Amazon To Pioneer New Carbon Offset Standard With Verra, Sidesteps Bezos-Backed Approach - Carbon Herald

Amazon (NASDAQ: AMZN) is supporting the development of a new carbon offset verification standard developed with Verra, thereby becoming the first company to bypass the existing ICVCM global standard funded by its founder, Jeff Bezos.

The initiative is part of Amazon’s strategy to achieve net-zero greenhouse gas emissions by 2040. The company is evaluating over 70 proposals to restore tens of thousands of hectares of degraded land.

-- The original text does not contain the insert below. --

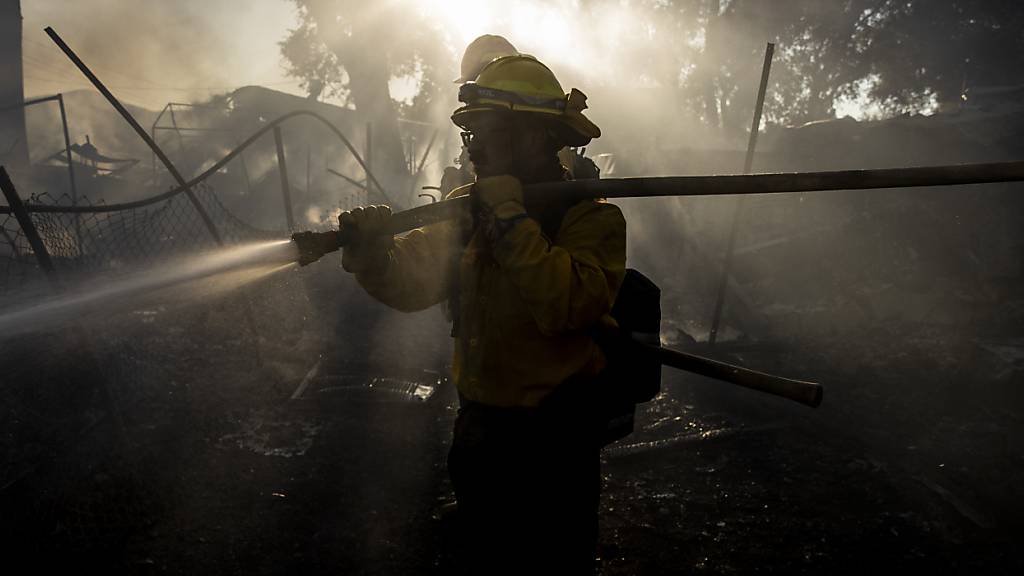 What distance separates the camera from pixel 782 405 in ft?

This move, however, has drawn criticism for potentially causing market confusion and lowering carbon offset standards, The Business Times reported.

Amazon has completed work on Abacus, a framework for verifying carbon offsets in reforestation and agroforestry that serves as an alternative to the Integrity Council for the Voluntary Carbon Market (ICVCM) standard. Verra expects the new label to become available within weeks.

Despite supporting ICVCM’s work, Amazon sought a more ambitious approach, Jamey Mulligan, the company’s head of carbon neutralization, was quoted as saying in an interview, emphasizing the need for credits with a real and verified impact on emissions.

He declined to comment on Bezos’ involvement in Amazon’s decision, and Bezos was unavailable for comment, according to The Business Times.

Major tech companies like Alphabet, Meta, Microsoft, and Salesforce have committed to purchasing up to 20 million tons of Abacus-certified credits.

Relevant: Verra Unveils New Modular Methodology for Carbon Capture and Storage

ICVCM’s experts express concern about the creation of alternative standards, fearing market fragmentation and inconsistent quality claims.

Kelley Kizzier from Bezos Earth Fund, part of ICVCM’s board, described Abacus as complementary rather than competitive to ICVCM.

The voluntary carbon offset market, valued at $2 billion, faces challenges due to doubts about the effectiveness of underlying projects.

ICVCM’s main label, Core Carbon Principle, currently verifies only a fraction of offsets, and critics argue that buying offsets does not truly neutralize a company’s impact.

However, proponents believe the Abacus label’s transparency and rigorous monitoring will enhance market integrity, although questions remain about its ability to ensure permanence of the carbon removals.

Amazon, which emitted 71.3 million tons of carbon dioxide equivalent (CO2-eq) in 2022, plans to become a major buyer of carbon credits while continuing efforts to decarbonize its operations.